The MBA Gatekeeper At Yale SOM

Yale University School of Management - photo by Chris Choi

Yale University School of Management – photo by Chris Choi

What are the best things an applicant can do when applying?

Sometimes people feel as though they have a sense of what they think the school cares about, what we’re looking for. They might have a sense of what the school’s culture is, what the school’s strengths are, and they try to align themselves with those strengths. That can be counterproductive. Applicants maybe don’t appreciate fully that we at Yale and I think all business schools are trying to put together a range of applicants. You don’t have to conform to a certain . . . profile you may think that we’re looking for.

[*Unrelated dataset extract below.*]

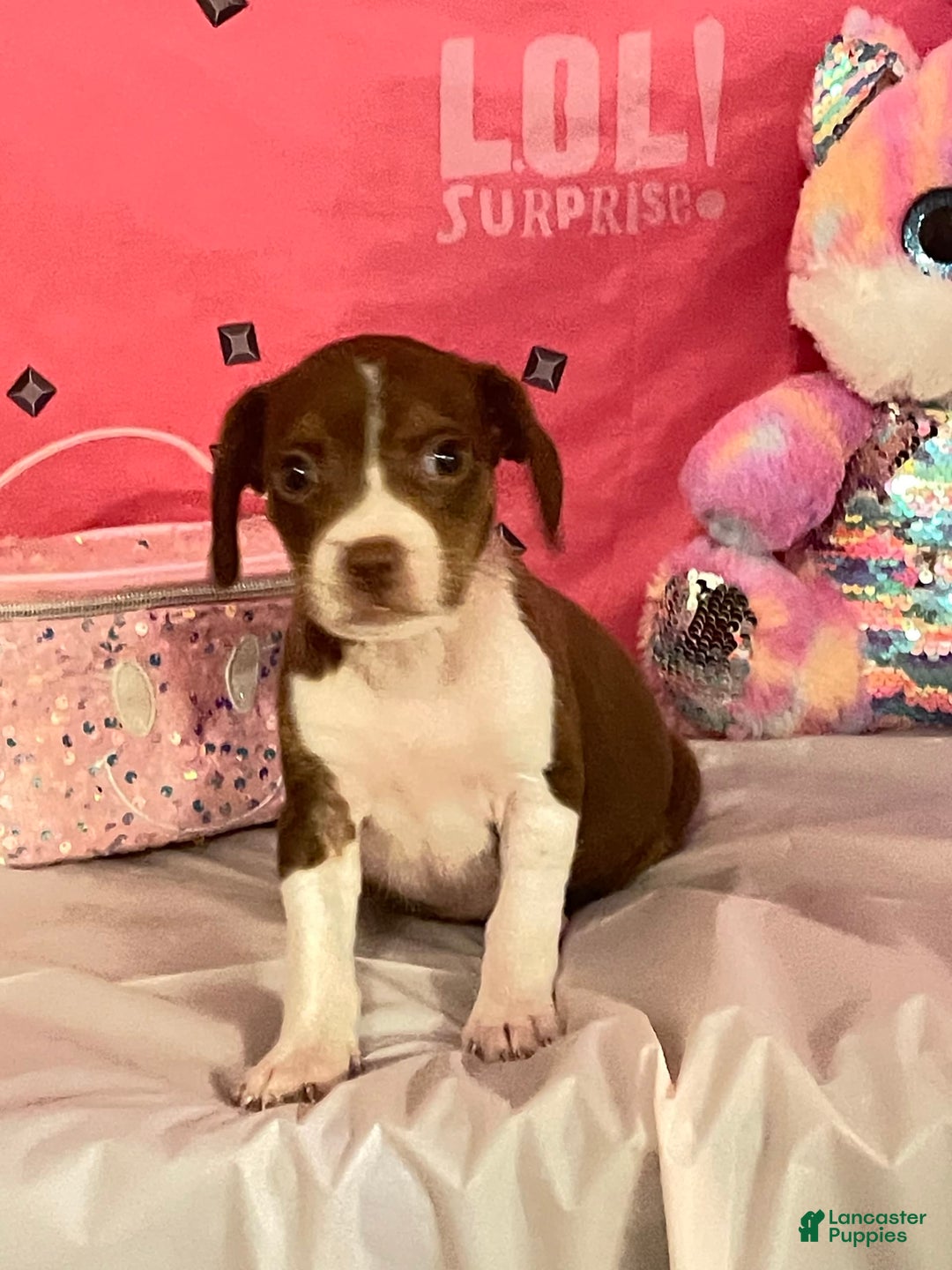 Boston Terrier dogs for sale: Zoey - Image 2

To be yourself, that’s probably the most important thing I can tell an applicant, regardless of your background, your profile, your strengths and weaknesses.

Beyond that . . . answering the questions that the school asks. We ask a lot of somewhat similar questions but not necessarily the same. Another way in which applicants might get into trouble or have gotten into trouble is trying to repurpose responses from one school or another without thinking what’s truly appropriate.

As admissions officers we’re always looking to make sense  of a candidate – understand your background, understand your history, understand your profession. Sometimes there may be little gaps or little wrinkles in there. Applicants who are more successful are those that explain those wrinkles to us. An applicant can get into trouble by ignoring those wrinkles or not explaining them.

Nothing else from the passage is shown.